5G時代 S―CMC普及期待
FJコンポジット(本社・千歳)は、複数の違った材料を組み合わせて新しい材料を作る「複合材料」の開発・製造会社。5G通信基地局のデバイスで使われる半導体用ヒートシンク(放熱材料)や、電気自動車のパワーコントロールユニットに使うセラミック絶縁回路基板などを手掛ける。顧客は世界各国にわたり、コロナ禍でも引き合いは強い。津島栄樹社長は「いずれもクリーン社会に貢献できる技術。もうけではなく、社会に貢献できるかどうかで今後も仕事を決めたい」と話す。
津島社長は1957年、札幌出身。北大大学院(機械工学)修了後、石油会社の研究所に勤め、炭素繊維開発に従事する。だがバブル崩壊で研究所が廃止となり、研究をやめて会社に残るか、成果を生かし起業するか二者択一に迫られる。2002年、自宅のあった静岡県富士市に「有限会社FJコンポジット」を設立した。
FJは富士、コンポジットは複合材料を意味する。炭素繊維とエポキシ樹脂を組み合わせ、ゴルフシャフトやテニスラケットなどのもとになるのが一般的な複合材料。津島社長は、石油の精製過程で出るピッチから炭素繊維を作り、樹脂との複合材料にすることで燃料電池のセパレータ板に使えないか研究していた。
当時は燃料電池車が脚光を浴び、ホンダやGM、BMWがモデル車を発表したり、カナダ・バラード社の燃料電池に熱視線が注がれるなど沸いていた。第一線の研究者として、学会や講演会に引っ張りだこ。研究内容を惜しみなく人々に説明した。
「積極的に公の場へ出るのは綿密な作戦からだった。ベンチャー企業の課題は資金。名が売れ、事業の将来性に賛同してもらうことで、ベンチャーキャピタル4社から合計1億8500万円の出資を受けられた」と明かす。「手の内を明かしているのは昨日までの知識。自分たちは明日の世界に生きているのだから、昨日までの知識を知られても何ともないと思っていた」と振り返る。

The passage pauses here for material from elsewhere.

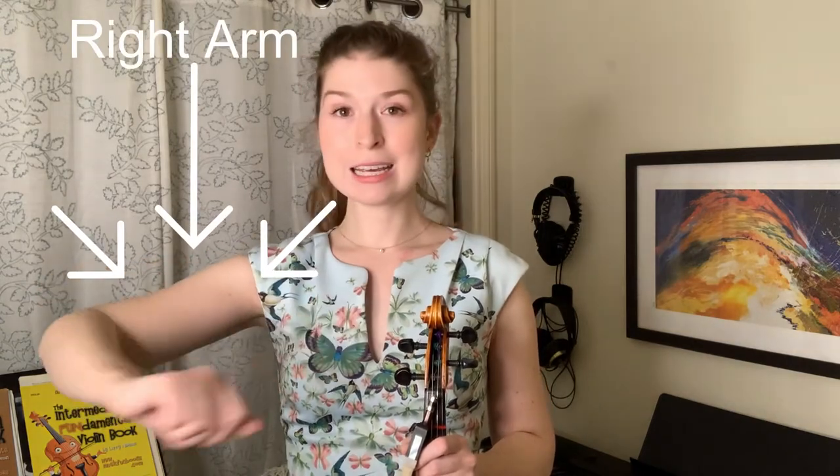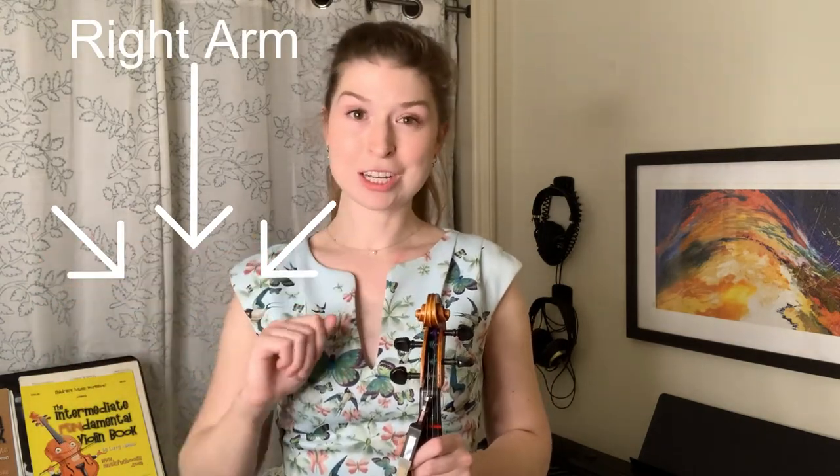Now I want to see your chicken wing. This is our right arm — we're bending at the elbow, we're flapping our chicken wing. Our violin is gonna go under our chicken wing.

15年、新千歳空港近くの工業団地に工場を建設し、拠点を故郷の北海道に移す。燃料電池セパレータ板のほか、携帯電話の基地局デバイスで使う半導体用のヒートシンクや、電気自動車のパワーコントロールユニットで用いるセラミック絶縁回路基板など主力製品は増えた。

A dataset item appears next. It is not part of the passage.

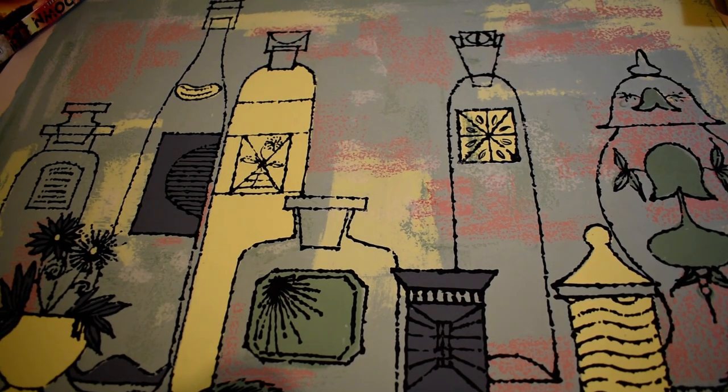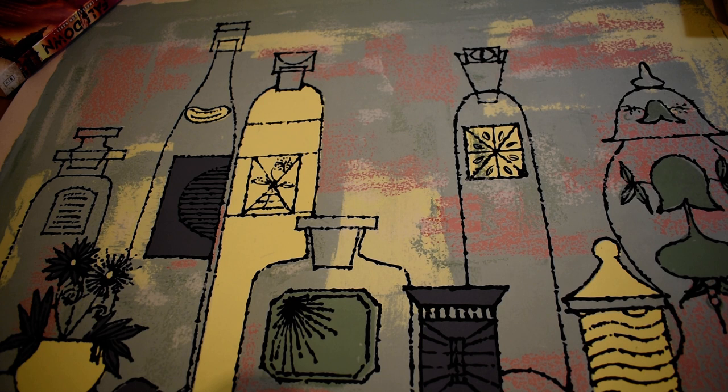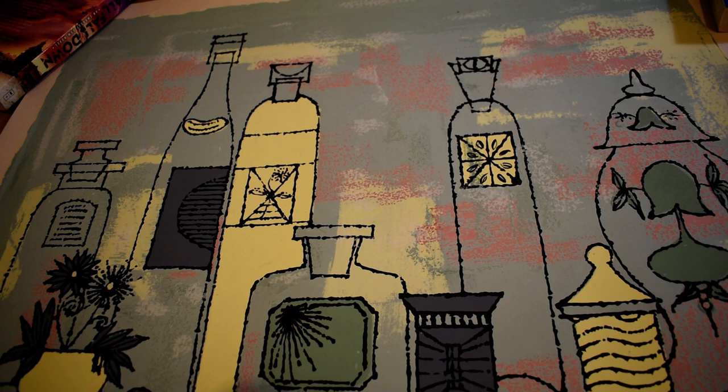This is yet another stylish lithograph which we now have available in store. When framed, this piece would certainly perfectly highlight a kitchen or dining room area. This lithograph is also hand-signed by the artist. However, at this point the artist is not known, so some further research may be needed.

スーパーCMC半導体用ヒートシンク(S―CMC)は、独自開発の銅箔(はく)とモリブデン箔を積層した材料。熱伝導率が高く、熱膨張率が低いのが特長だ。15年に、ものづくり日本大賞の特別賞に選ばれた。3Gや4Gの時代は活躍の場が限られたが、5G下では性能をフルに発揮できるため、普及を期待している。
セラミック絶縁回路基板(S―DBC)は、バッテリーとモーター間の直流・交流を変換する周波数変換装置向けの材料。最近は、電気自動車の速度を制御するパワーコントロールユニットで使われている。銅板とセラミックの接合品で、接合界面に合金属がないため熱伝導率が高い。

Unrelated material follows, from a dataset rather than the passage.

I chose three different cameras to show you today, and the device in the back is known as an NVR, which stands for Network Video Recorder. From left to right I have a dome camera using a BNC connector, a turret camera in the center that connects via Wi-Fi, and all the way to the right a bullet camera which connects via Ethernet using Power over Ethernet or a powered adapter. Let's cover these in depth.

携帯電話の基地局は世界に4000万カ所ほどあり、S―CMCの市場規模は年間200億円になるとみている。S―DBCは電気自動車1台当たり10―30個の使用により年間1兆円、燃料電池セパレータ板も大型車両向けで1000億円の規模に成長すると見込む。
津島社長は「いずれも開発に20年以上を要した技術。最近は1年ほどで成果を求められる企業が多いが、それでは模倣されやすい。20年かけて開発したものは模倣できない。FJにはアドバンテージがある」と話す。